Als ich 1993 meine erste Stelle als Redakteur der Bauwelt in Berlin antrat (wie altmodisch klingt dieser Satz heute!), da erbte ich nicht nur einen Schreibtisch und einen untauglichen MS-DOS-Rechner, sondern auch ein Bücherregal. Den Rechner konnte ich damals flugs durch einen Mac LC II („Pizzaschachtel“) ersetzen, die Bücher blieben. Mein Vorgänger Wolfgang Braatz, von dem ich seitdem nie wieder etwas gehört habe, hinterließ mir unter anderem ein unscheinbares Buch in einer zerlesenen Paperback-Ausgabe: „Berlin und seine Bauten Teil IV Wohnungsbau Band A. Die Voraussetzungen.
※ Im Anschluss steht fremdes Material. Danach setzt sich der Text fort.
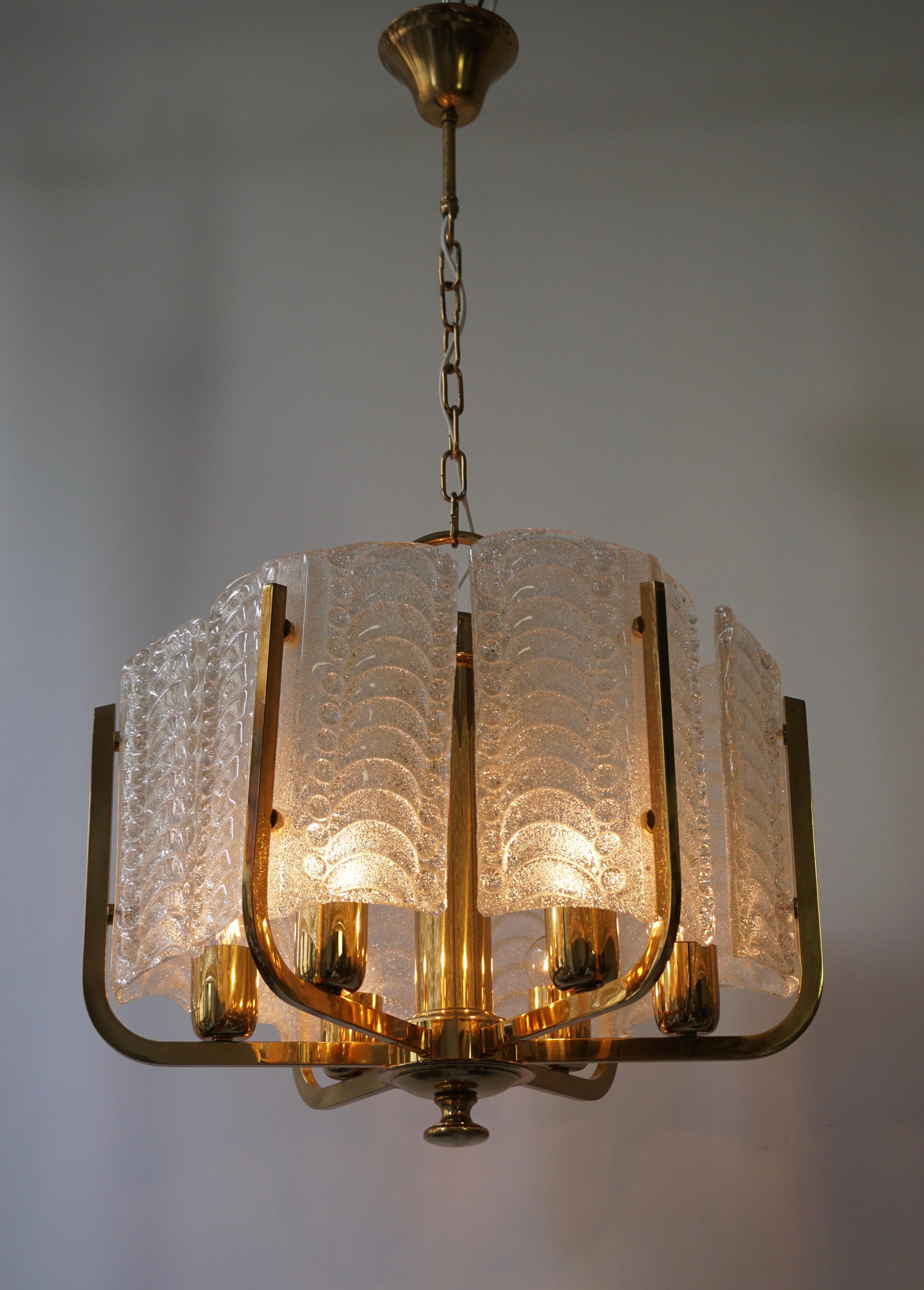 Hollywood Regency One Italian Golden Brass and Murano Glass Pendant Light For Sale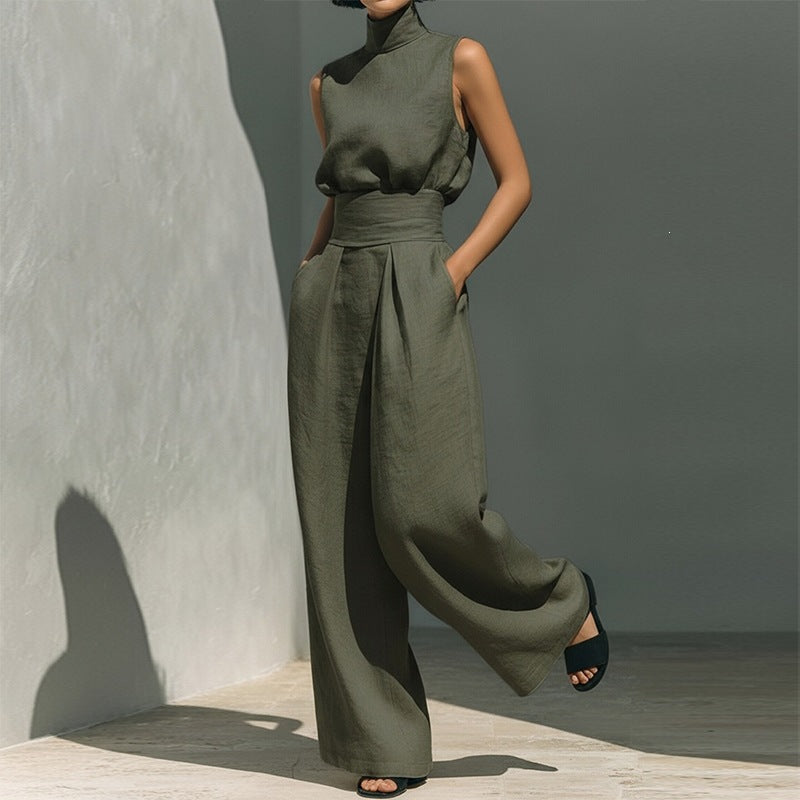 summer new women's clothing: cross-border european and american style, fashionable and elegant solid color high neck sleeveless straight-leg pants set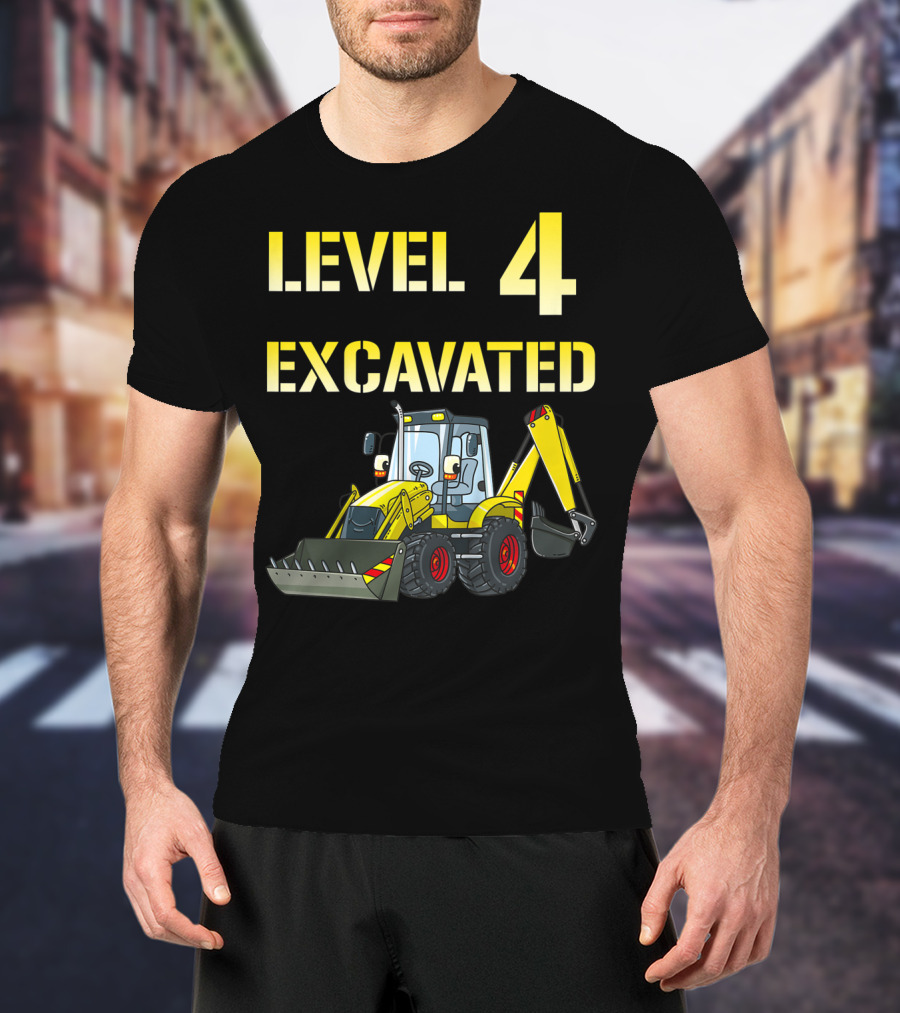Level 4 Excavated Kids Excavator Birthday 4 Year Old Bday Boy T-Shirt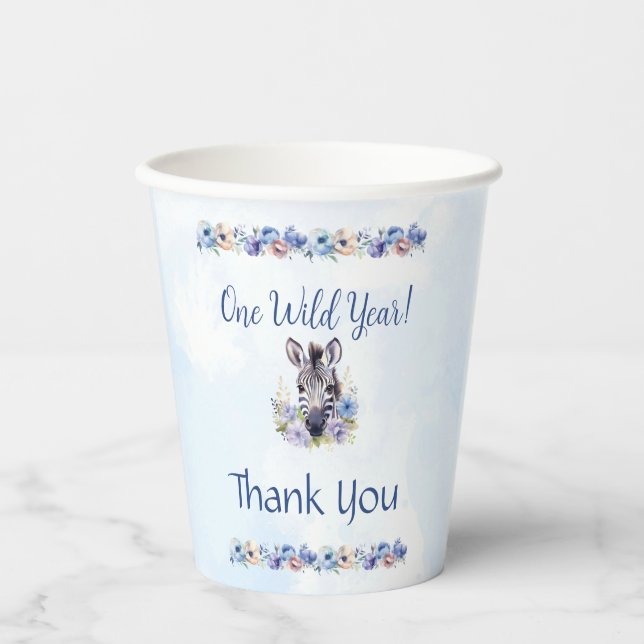Blue Floral Zebra Birthday Pappbecher (Vorderseite)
Die Entwicklung der Wohngebiete“, erschienen beim Verlag von Wilhelm Ernst & Sohn im Jahr 1970.

Das Ding ist ein echter Kracher und seit langem eines meine Lieblingsbücher. In der einschlägigen Reihe „BusB“ des Architekten- und Ingenieurvereins (AIV) erschienen, bietet dieser Band einen Überblick des modernen Siedlungs- und Wohnungsbaugeschehens in Berlin nach der Gründerzeit. Offenbar unter akribischer Auswertung von Bauakten wird hier in einer fast unfassbaren Genauigkeit alles zwischen 1886 und 1967 dargestellt, was in Berlin im Siedlungs- und Wohnungsbau diesseits des Historismus stattgefunden hat. Da das im Westen erschienene Buch einen Gesamtberliner Anspruch hat, sind zumindest für die Zeit vor 1945 alle Bezirke berücksichtigt. Der Band konzentriert sich auf Geschosswohnungsbauten und Siedlungen; ein eigener Band zu individuell geplanten Einfamilienhäusern (an dem Julius Posener maßgeblich mitgewirkt hatte), erschien 1975 (heute antiquarisch nicht unter 400 € zu haben).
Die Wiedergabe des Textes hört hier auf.